**What is needed**
Every entry below should come back unchanged, except that the pictures are dropped.

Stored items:
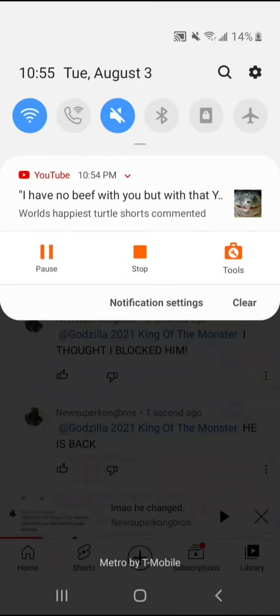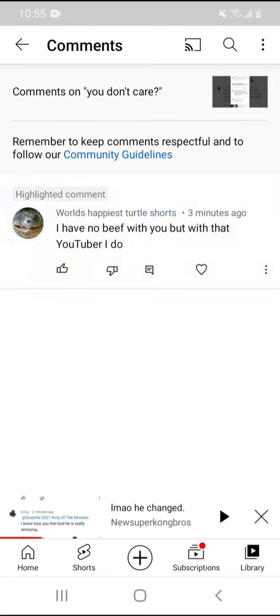How are you back? How are you back? Oh my god, I thought I blocked him. Come on now, bro! I thought I blocked him but I didn't.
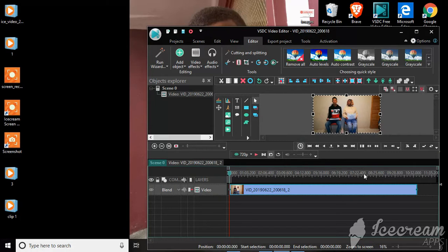And this is the video that I would like to edit. Let's do a little preview.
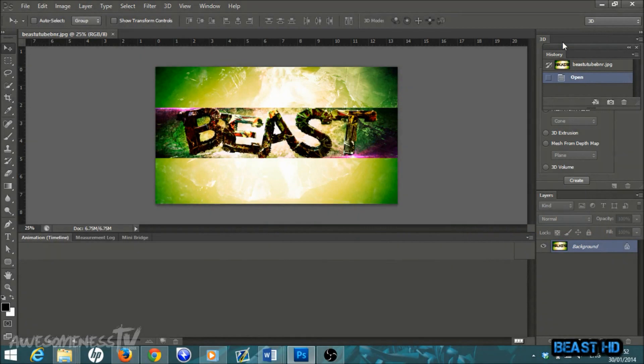What is going on everybody, Beast HD here and today I'm bringing you another tutorial in Photoshop CS6. I'm going to be showing you how to make an awesome 3D shatter text effect background for your YouTube channel. The finished product is going to look very similar to this here, and this is actually very easy to make, so if you just follow along you should have no problems.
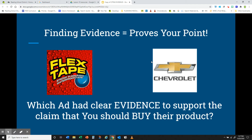On the other hand, we have an advertisement for a Chevrolet. We want to look at this advertisement and see if they offer clear evidence that we should buy a Chevrolet.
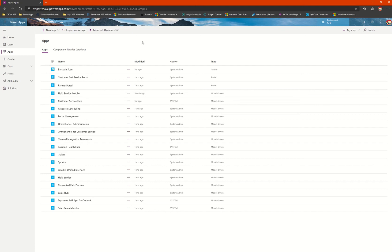Hello everyone. Continuing further on my last LinkedIn post where I talked about the Dynamics 365 Field Service app, the latest one, which is built on the Power App.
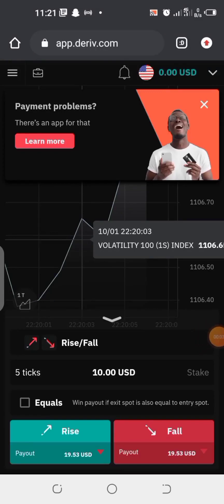Hello guys, welcome to my channel. Today's video I'm going to show you how you can create a Deriv synthetic account and add it to your MetaTrader 5 app. Before we start, I would like you to hit the like button and subscribe to my channel. Now let's quickly dive into the topic of the day.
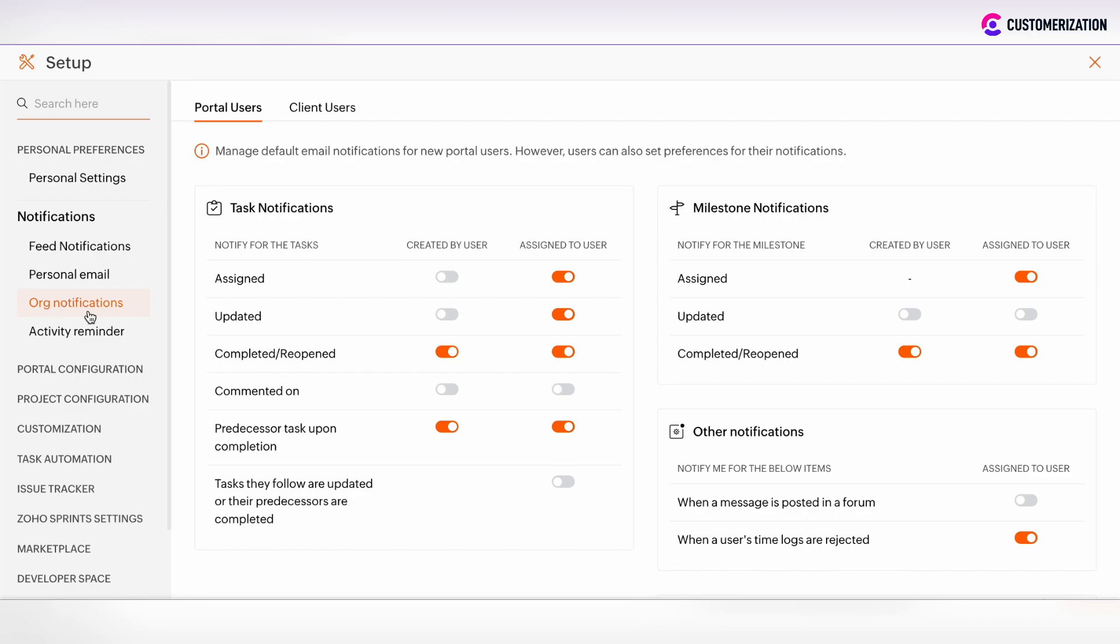So here the admin can customize organizational notifications and then such notifications will be default as personal email notifications for all new members.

**Expected answer**
How are you back? How are you back? Oh my god, I thought I blocked him. Come on now, bro! I thought I blocked him but I didn't.
And this is the video that I would like to edit. Let's do a little preview.
What is going on everybody, Beast HD here and today I'm bringing you another tutorial in Photoshop CS6. I'm going to be showing you how to make an awesome 3D shatter text effect background for your YouTube channel. The finished product is going to look very similar to this here, and this is actually very easy to make, so if you just follow along you should have no problems.
On the other hand, we have an advertisement for a Chevrolet. We want to look at this advertisement and see if they offer clear evidence that we should buy a Chevrolet.
Hello everyone. Continuing further on my last LinkedIn post where I talked about the Dynamics 365 Field Service app, the latest one, which is built on the Power App.
Hello guys, welcome to my channel. Today's video I'm going to show you how you can create a Deriv synthetic account and add it to your MetaTrader 5 app. Before we start, I would like you to hit the like button and subscribe to my channel. Now let's quickly dive into the topic of the day.
So here the admin can customize organizational notifications and then such notifications will be default as personal email notifications for all new members.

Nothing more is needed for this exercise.